Another essential feature was Sequencer, Unreal Engine’s multi-track editor. At the core of Dofala’s real-time animation pipeline, Sequencer enabled the easy adjustment of features/parameters for the team’s plugins and actors as they set up their shots.

©RONGJUN, DOFALA All rights reserved.

©RONGJUN, DOFALA All rights reserved.Controlling the firefly effect’s particle movements using Niagara

Also, using the programmable Niagara VFX tool, the team created various interactions that simple effect assets cannot create, as well as events that could create timed effects linked to simulations like wind and gravity. It was especially useful for creating a water plugin that produced flotation, air bubbles, and ripple effects that could not only understand where the water’s surface was, but make sure each particle reacted in the right way to timed events.
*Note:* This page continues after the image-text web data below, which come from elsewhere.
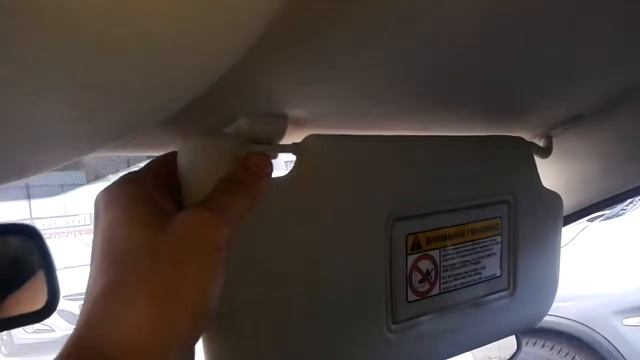 Ford Focus (Форд Фокус): Как опустить солнцезащитный козырек пассажира смотреть онлайн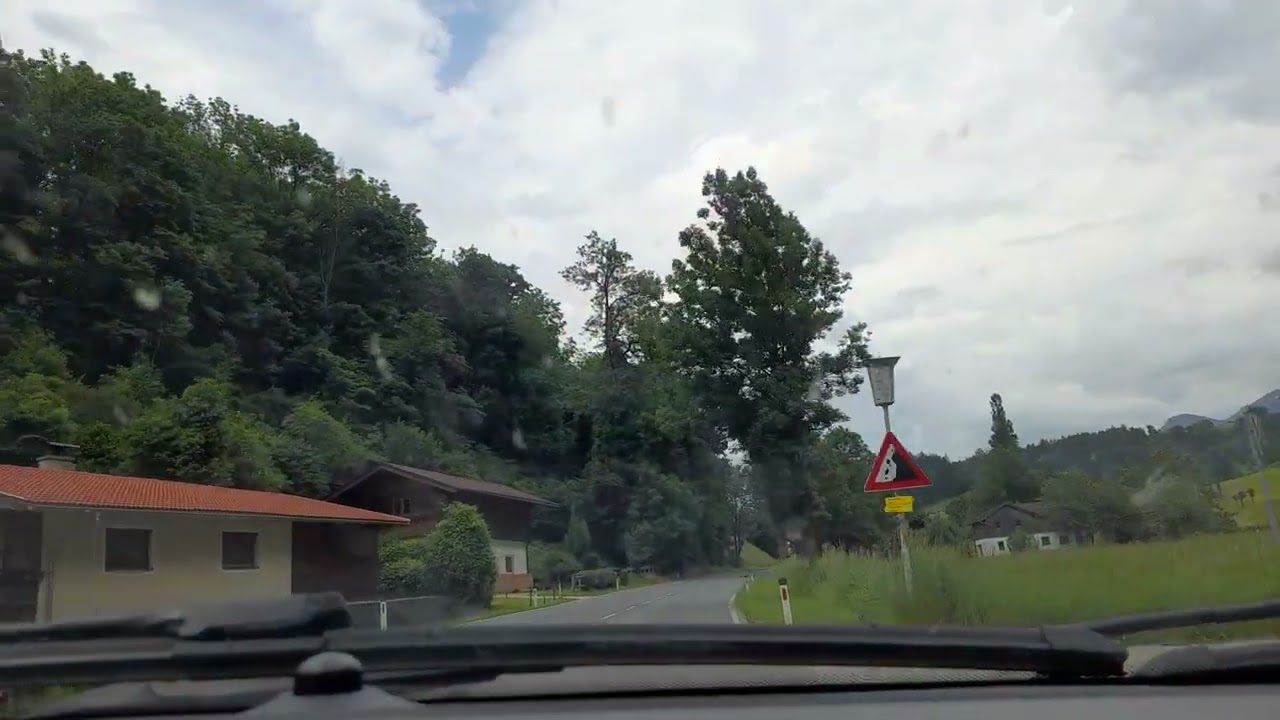 Autofahrt, St. Gertraudi, Inntal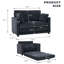Fauteuil-lit 52 po en chenille-961928388
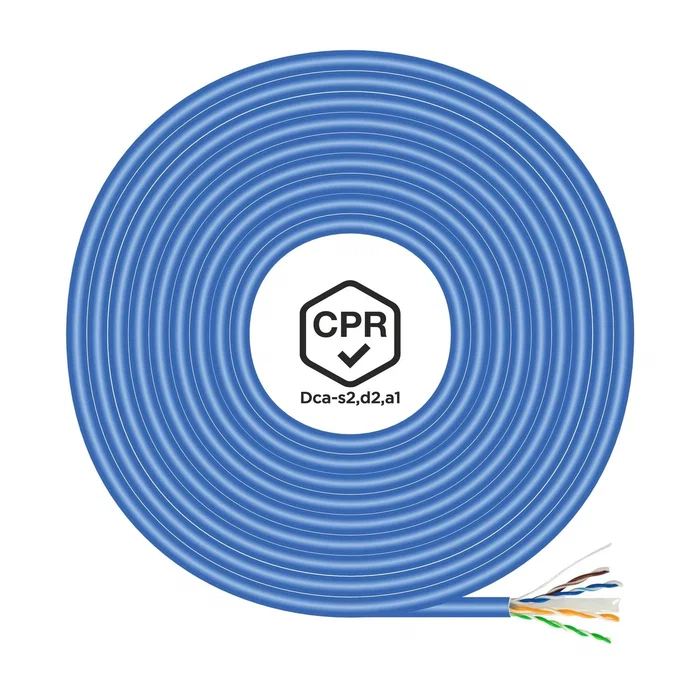 Aisens Cable de Red Cat.6 UTP AWG24 LSZH CPR Dca Azul 100m Aisens Cable de Red Cat.6 UTP AWG24 LSZH CPR Dca Azul 100m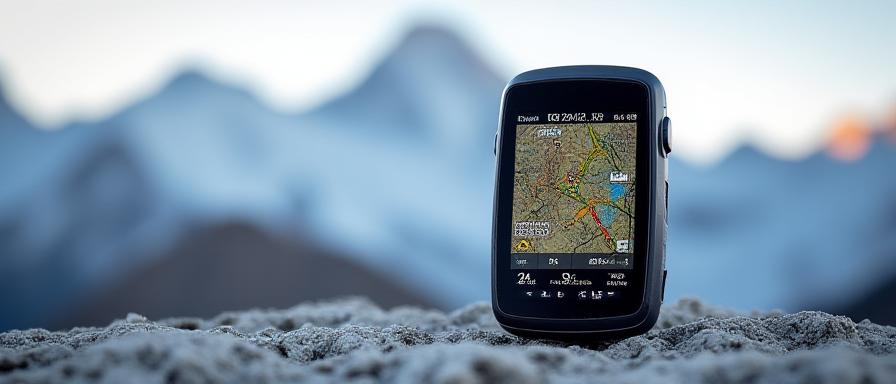 Professional hiking GPS device for Everest Base Camp trekkers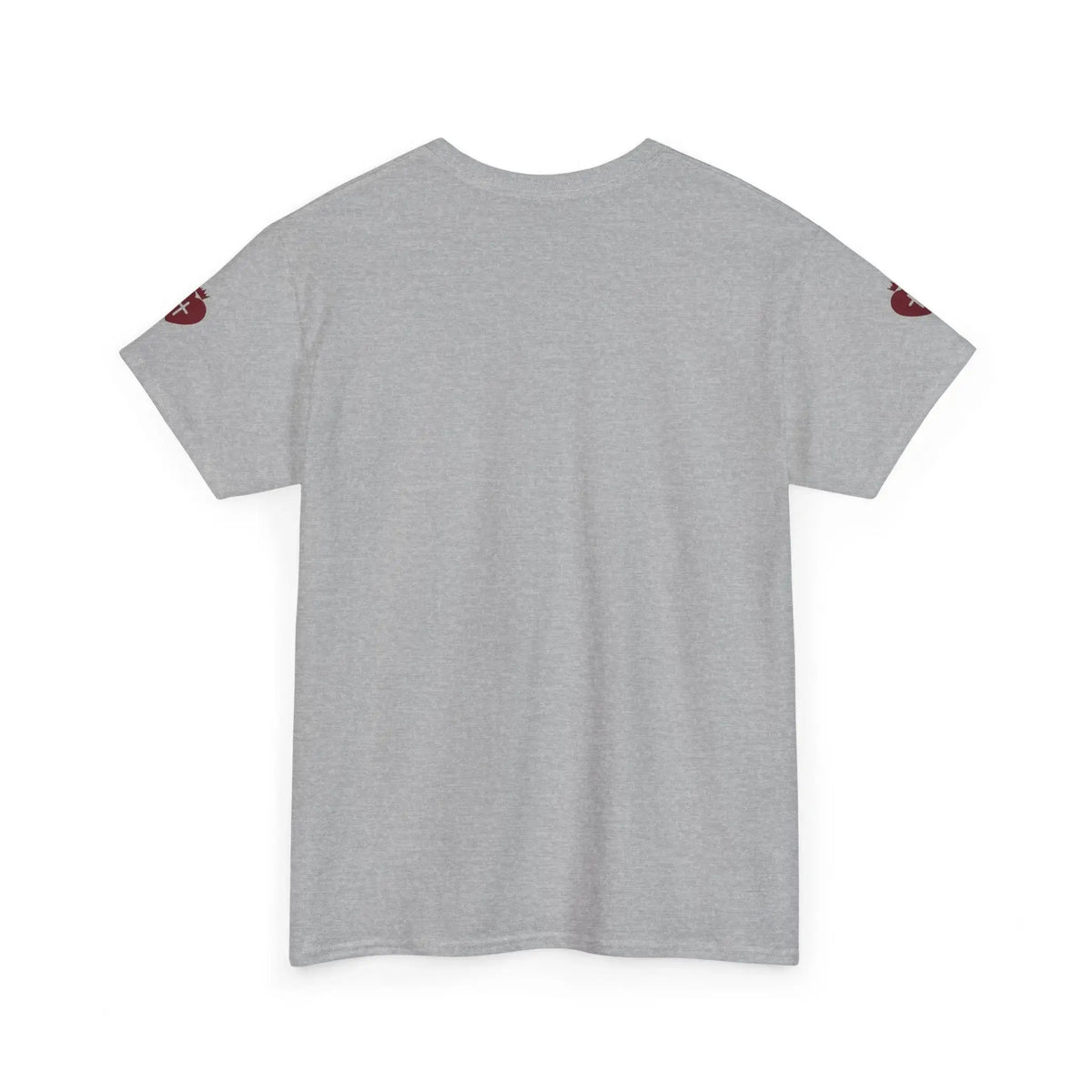 JESUS bold declaration Christian tee flatlay, YESHUALL women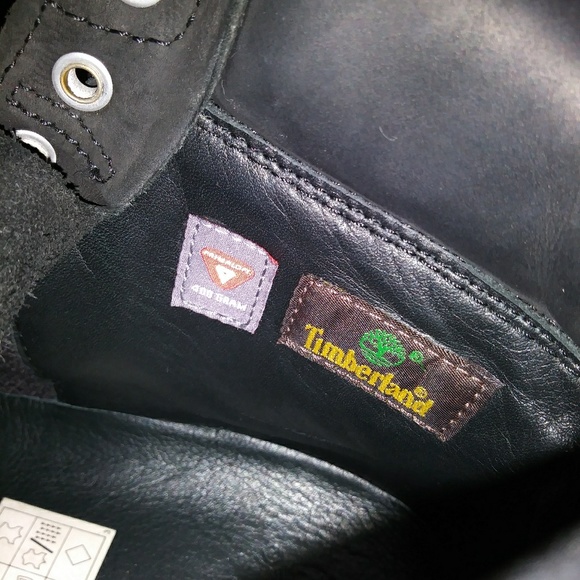 Black timberland boots - Picture 5 of 5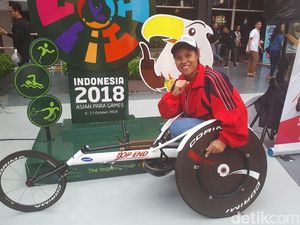 Mimpi Besar Maria, Si Debutan Asian Para Games 2018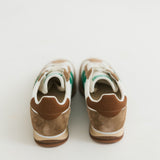 Jogger M Sneakers | White Camel Green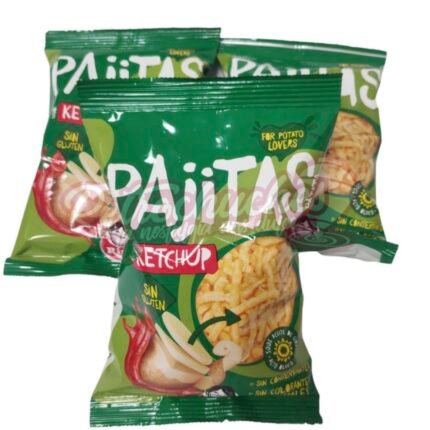 Pajitas kétchup grande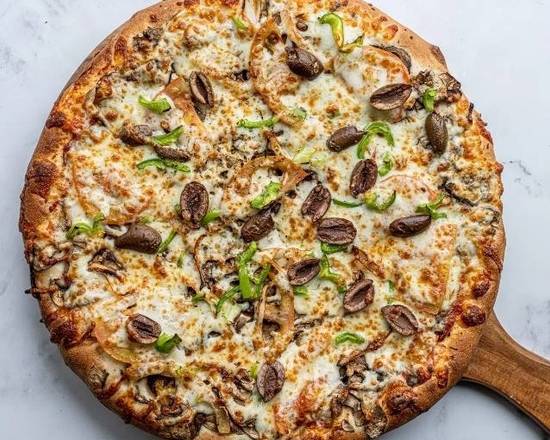 Vegetarian pizza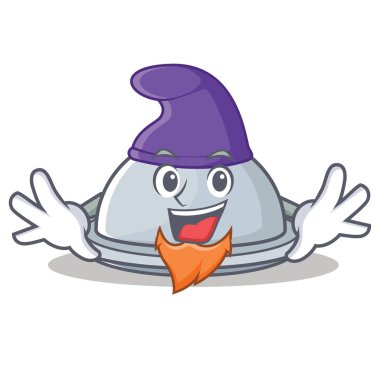 Elf tepsi karakter karikatür tarzı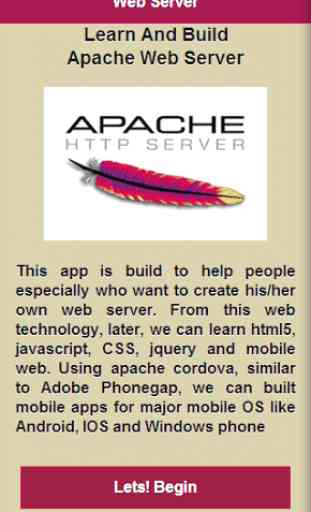 Learn Apache Web Server 1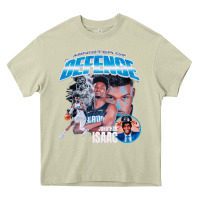 Mossy Jonathan Isaac Vintage Heavy Core Tee - linhVisuals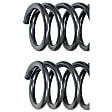 929-950 Front, Driver and Passenger Side Coil Springs, Set of 2 OE Solutions Series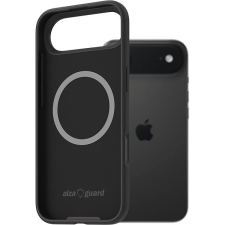 AlzaGuard iPhone Air fekete MagSafe szilikon tok tok és táska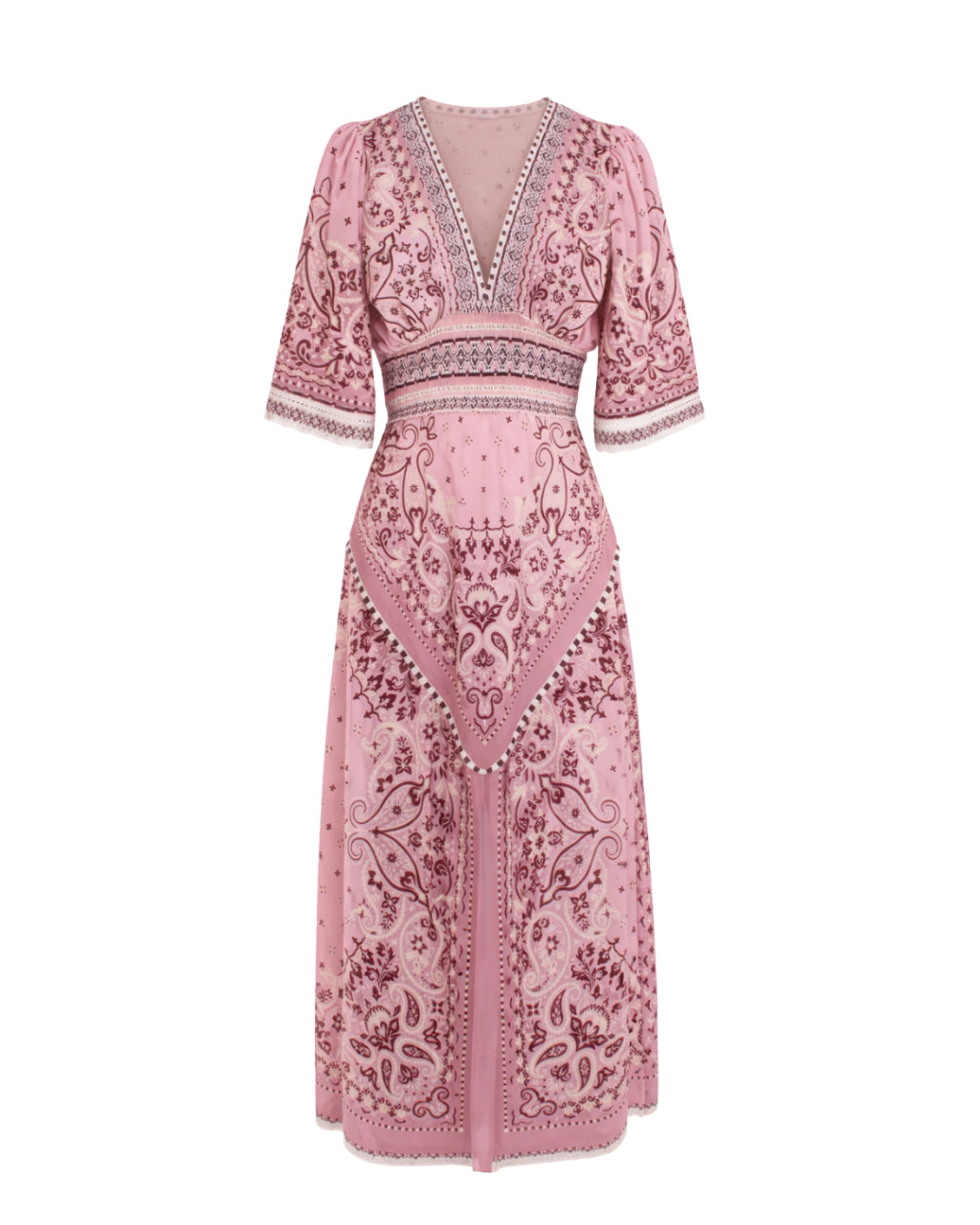 CCP Katia Midi Dress Pink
Niagara was used again on electrical effects, encompassing everything from volts shooting across a wire to chaotic beams radiating from a box. The former was created with the help of spline tracking. Dofala used the Spline Component as an input to get the normal and direction vectors, before using them as their particle transform standard for noise.

The Material Editor was used to create and simply apply most of the shaders with node configurations, without HLSL Scripting, for dissolve effects. In addition to this, the Sobel filter was used to create colorful outlines that would appear when lights were close; fisheye lens effects were applied by applying a UV distortion to scene color; and the Poseable Mesh was used for an eye-catching afterimage effect that saw a robot speed-streaking across a field.

© RONGJUN, DOFALA All rights reserved.Skin Material implemented with Material Editor

The value of real-time productions

In less than a year, Dofala’s real-time workflow has changed everything for the team, providing some needed relief from the bottlenecks of traditional animation. What used to take hours or days to realize is now happening in the moment, helping Dofala hit the accelerated timelines of a fixed TV schedule—all without reducing the quality of any asset or post-processing changes that come up in reviews.

Because Dofala can always see potential final pixels on screen, they can review their work together and apply feedback in real time. When editing is required, the production can add any additional modeling, make immediate camera changes, or freely modify the shape and color of assets, while maintaining the existing work.

The new pipeline also opened a valuable tool for an ambitious firm like Dofala: transmedia content. Any assets produced within this real-time workflow can always be reused as digital assets across mediums, including VR and AR games. Dofala is actually making a corresponding game called DinoPowers AR Combat with the assets right now, pushing the company into a whole new zone. We can’t wait to see what happens next!